Dünyanın en kolay tanınan otomobillerinden biri olan Mini, geldikleri kadar yaygın olmasına rağmen kült statüsüne kavuşmayı başardı. Mini'nin fikri ve tasarımı aslen British Motor Corporation'dan gelmişti, ancak küçük otomobil üreticiye gelince birkaç değişiklik geçirdi.
60'larda yepyeni bir çılgınlığa başladı, çünkü çok küçük olmasına rağmen içinde ve yolcular için yeterli alana sahipti. Bu önden çekiş ve motorun yenilikçi tasarımı sayesinde oldu. Başlangıçta, arabalar ya Austin'in ya da Morris'in rozetinin altına satıldı. 1969 yılına kadar Mini kendi başına bir seçim haline gelmedi.
Miniler, performans açısından da oldukça verimliydiler, ağırlığı daha da azaltan ve arabanın içinde daha fazla alan sağlayan bir gövdeye sahiplerdi. Tasarımı öylesine bilinirdi ki, 1990 yılına kadar BMC'nin soyundan gelen Rover Group otomobili markalaştırmaya karar verdi.
İlk Mini Ağustos 1959'da üretildi, Mark I ayrıca uluslararası pazarlarda Austin 850 ve Morris 850 olarak da bilinirken, Birleşik Krallık'ta Austin Seven veya Morris Mini Minor olarak biliniyordu. İlk neslin 1967'de sona ermesine kadar, otomobiller daha iyi süspansiyon ve otomatik şanzıman dahil olmak üzere çeşitli geliştirmeler aldı.

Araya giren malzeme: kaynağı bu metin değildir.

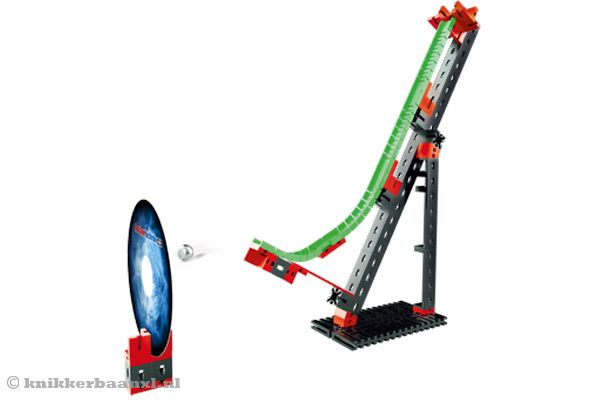 Ook te gebruiken als schans.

İkinci nesil otomobiller 1967 ile 1970 arasında üretildi. Yeniden tasarlanmış bir ön ızgaraya ve daha büyük bir arka cama sahiptiler. 1969'da hit filmi “İtalyan İşi” yapmak için kullanılan bu otomobillerdi.
Mini'nin ilginç bir versiyonu, 1961'de Cooper Car Company'nin sahibi olan John Cooper'ın küçük arabaların potansiyelini gördüğünde ve temel Austin Mini Cooper ve Morris Mini Cooper'ın daha güçlü bir sürümü olan Mini Cooper'ı yaratmaya karar vermesiyle mümkün olabilir. 997cc'de daha büyük bir motoru, 55hp, ikiz SU karbüratörleri, daha yakın bir dişli kutusu ve disk frenleri vardı.

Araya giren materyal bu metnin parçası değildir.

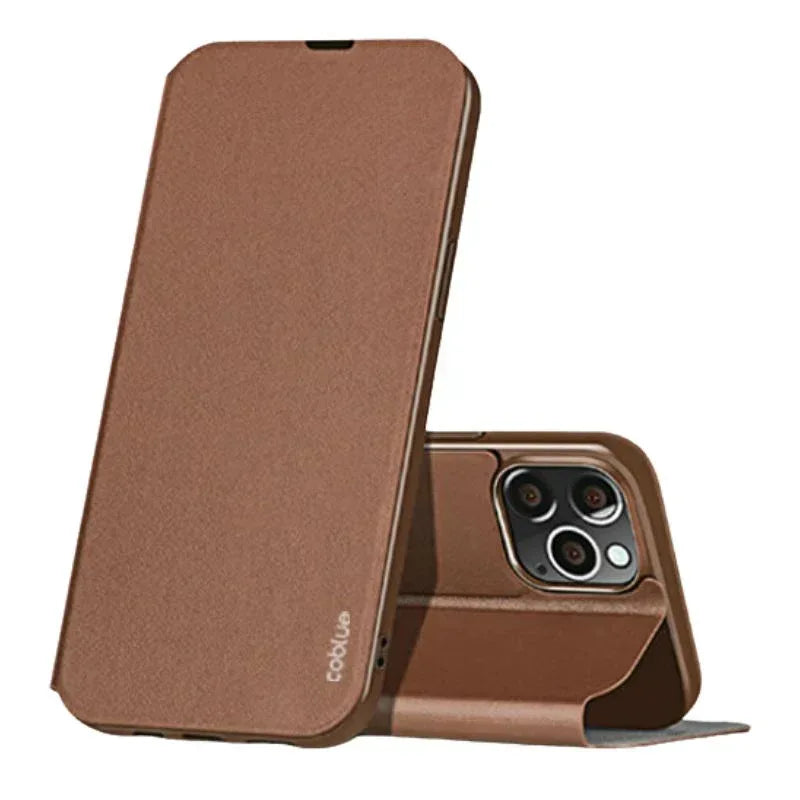 Coblue Leather 360 Ultra Thin Case iPhone 13 Pro Max - Three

Bu versiyon için iyi incelemeler daha da sportif bir versiyonun geliştirilmesine yol açtı. Mini cooper S 1963'te. Cooper ayrıca yarış pisti için de araba üretti. Bunlar özellikle 1964, 1965 ve 1967'de kazandıkları Monte Carlo Rallisi'nde başarılı oldular (1966'da ilk üç sıradaki bitirmelerine rağmen diskalifiye edildiler).
Üçüncü nesil Minis, Mark III, 1970-2000 yılları arasında geldi. Bunlar daha büyük gövdelere, gizli kapı menteşelerine ve sarım pencerelerine sahipti (önceki modellerde kayar olanlar vardı). Tüm çabalarına rağmen, üreticiler Mini'ye yeni bir hava görünümü getiremediler, bu da artık bir telafiye ihtiyaç duyuyor, genel satışları ciddi şekilde etkileyen bir gerçek.
Mini'nin 80'li ve 90'lı yıllarda hayatta kalmasının tek yolu “özel baskılar” la gelmekti. Bu kısmen BMC'nin kalıntılarını Rover rozeti altında alan BMW'nin işiydi. Bu modeller havalı moda ikonları, aksi halde modern bir pazarda retro bir dokunuş olarak görüldü. Ancak BMW hala tuttuğu Mini logosuyla bitmedi, 2001'de, teknolojik olarak gelişmiş Yeni Mini piyasaya sürüldü, aksi takdirde eski otomobille ilgisi yoktu. 2007 yılında üretilen araba sayısı 1 milyona ulaştı.